(Beginning of Source material)

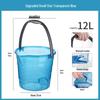 Yi Cang Household Portable Plastic Bucket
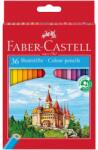 Faber-Castell Faber-Castell: Kastélyos színesceruza készlet 36db-os (120136) - innotechshop
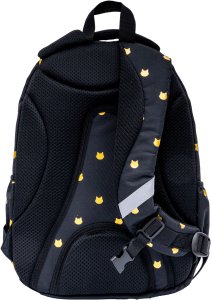 Plecak szkolny futrzany kotek Fluffy Kitty AB330 3 komorowy 20l ASTRABAG 2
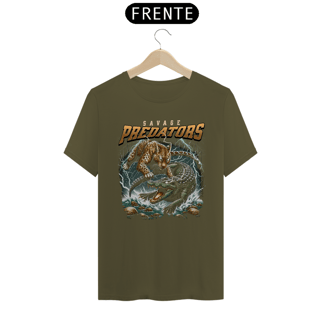 Nome do produto Camiseta Predadores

(End of Source material)

_What needs to be done_. Return the listing verbatim, pictures excluded.

_Solution to this problem_.
 Yi Cang Household Portable Plastic Bucket
 Faber-Castell Faber-Castell: Kastélyos színesceruza készlet 36db-os (120136) - innotechshop
 Plecak szkolny futrzany kotek Fluffy Kitty AB330 3 komorowy 20l ASTRABAG 2
 Nome do produto Camiseta Predadores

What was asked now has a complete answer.